De fietser die polariseerde
Vanmorgen reed ik op de fiets van Amersfoort naar Utrecht toen ik merkte dat er iemand aan mijn
bumper kleefde. Ik vind dat enorm storend, ook op de fiets, dus ik hield in om die persoon te laten
passeren. Toen de persoon mij voorbij reed, riep de persoon “aansteller” om vervolgens hard door te
fietsen.
Ik was verrast en ook wel beledigd door de opmerking van die persoon. Hoe haalde de persoon het in
het hoofd om mij een aansteller te noemen! Ik voelde dat ik steeds bozer werd en merkte op dat het
achterlicht van de fiets van deze persoon het niet deed! Wat een ....
Vervolgens begon ik me af te vragen of ik niet wat overdreven had gereageerd. Was het niet
kinderachtig om in te houden, omdat de ander bumperkleefde?
Waarom werd ik zo geraakt door een vreemde die mij “aansteller” noemde? Ik dacht terug aan de les
Inclusief Communiceren die ik afgelopen donderdag samen had gegeven aan studenten van de HU.
Mijn collega had uitgelegd dat het bij Geweldloze Communicatie gaat om het herkennen van
gevoelens en behoeftes. Wat waren mijn gevoelens en behoefte in dit geval?

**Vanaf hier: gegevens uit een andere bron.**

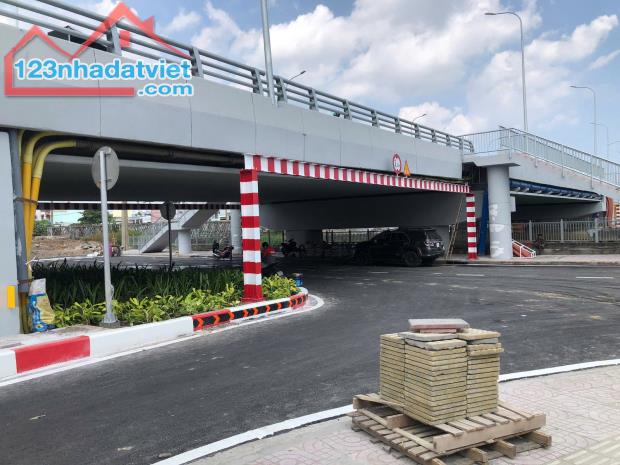 Nhà Mặt Tiền Rộng, Vị Trí Kinh Doanh Đắc Địa – Gần Quốc Lộ, Thuận Tiện Giao Thông - 4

Ik realiseerde me dat ik de behoefte had om gerespecteerd te worden. Ik ben lekker aan het fietsen
op een ochtend en dan vind ik het niet respectvol als iemand mij `aansteller` noemt. Is dit niet ook
het probleem bij online discriminerende, uitsluitende opmerkingen of hate speech? Anoniem iets
roepen en vervolgens verdwijnen in de massa? Online zou de opmerking een start tot polarisatie
kunnen zijn geweest.
Vervolgens werd ik me er ook van bewust dat het ook wel linkte aan mijn “drivers”, of wel patronen
uit de Transactionele Analyse. Mijn levenspatroon “Ik wil niet afgewezen worden” werd door de
opmerking geraakt. Het ging me niet om het respect, bedacht ik mij, maar om respect voor mijn
keuzes! Ik maak de keuze om de persoon te laten passeren, zodat hij niet aan mijn bumper kleefde
en verwacht dat de andere fietser, dat respecteert. Ik ben me er ook erg van bewust dat er ook bij de
fietser een hoop behoeftes hebben kunnen spelen om mij “aansteller” te noemen. Misschien had de
fietser slecht geslapen of maakte de persoon zich zorgen over de kinderen en was het roepen van
“aansteller” de manier om uiting te geven aan zijn onvervulde behoeftes.
Het zoeken naar mijn behoeftes (geweldloze communicatie) en het daaraan kunnen koppelen van
mijn patronen (Transactionele Analyse) maakte dat mijn woede en frustratie verdween en ik weer
kon genieten van mijn fietstocht. De onbekende persoon had mij weer bewuster gemaakt van hoe
patronen in mij werken. Dank, daarvoor, onbekende fietser!